There is a rustling of the papers in his hand before he places one of them on the table and slides it to me. My breath catches in my throat, and I look at him with a deadened look.

“Is this a fucking joke?” I seethe, clenching my fists, but my skin strains against the cuffs.

“What do you see?” He completely ignores me, holding one finger on the paper as if scared it will blow away with the wind.

“What the fuck?”

The words fly out of my mouth, the shock evident in my expression, which he notices because his lips are lifted in an ugly smile.

“What do you see?” He repeats himself, more stern than before, and my heart is pounding loudly in my ears.

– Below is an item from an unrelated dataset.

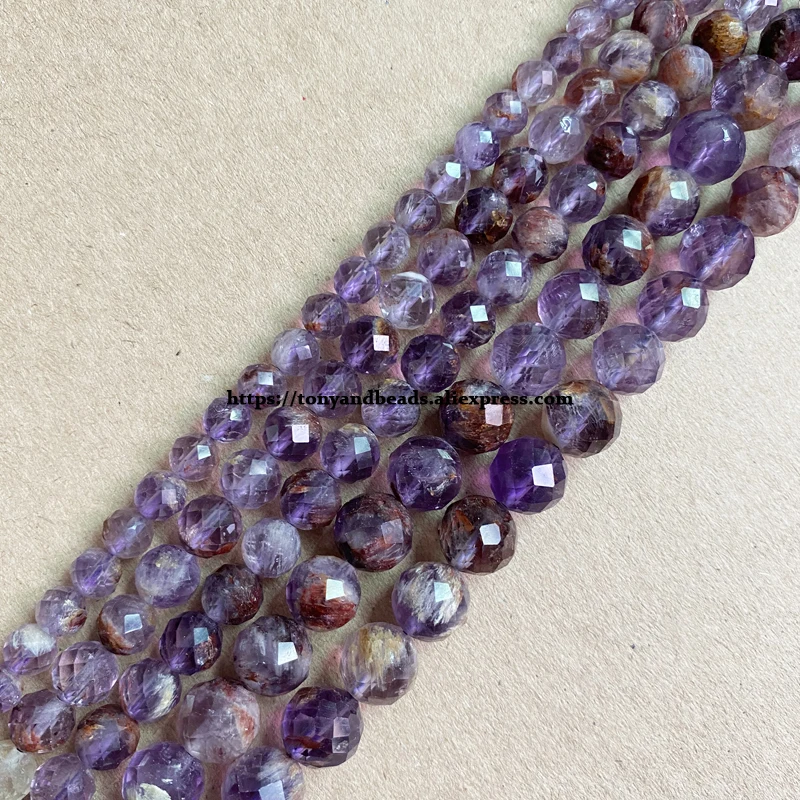 18 Styles Semi-precious Stone Diamond Cuts Faceted AA Quality Purple Amethyst 7" Round Loose Beads 6 8 10 mm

My vision blurs, the room spins as I gaze at the sight in front of me. It’s a picture of a crime scene. I know this car all too well, the black paint on its sides is scratched from all the times I’ve crashed into things. I never had the money to learn how to drive, and I could only afford that car by selling drugs. The car became our only home when living on the streets became too much. I stare at the picture in horror, feeling every blood cell in my body take a beating from the anger and fear that are a dangerous mix together. It’s a picture with so much blood in it. Too much red. Sitting in the front seat are two people I remember all too well, the ones who were supposed to be responsible for me, yet they left me when I was only a small, helpless child.

Looking upward and meeting Mr. Ricci’s gaze, I see amusement sparkling in his eyes.

“What do you see?”

“A crime scene,” I reply, feeling my emotions die.

It’s a photo of my dead parents, right after I found my little brother with a knife in his hands and before the cops came. How the hell does Mr. Ricci have access to these? Only the cops should have these stored away.

“Good, and whose crime?” He prompts, and I want to fucking wipe that smirk off his face.

“Mine.”

My throat is dry, but it only gets worse with the following picture he shows me. A body in a basement, a familiar guy with wide pupils as he stares ahead, no life behind those dull eyes. At this exact moment, a chill runs through my veins as I recognize that this should remain secret and not be accessible to anyone. Despite the atrocious nature of the crime, the police never conducted an investigation as they simply don’t care about criminals.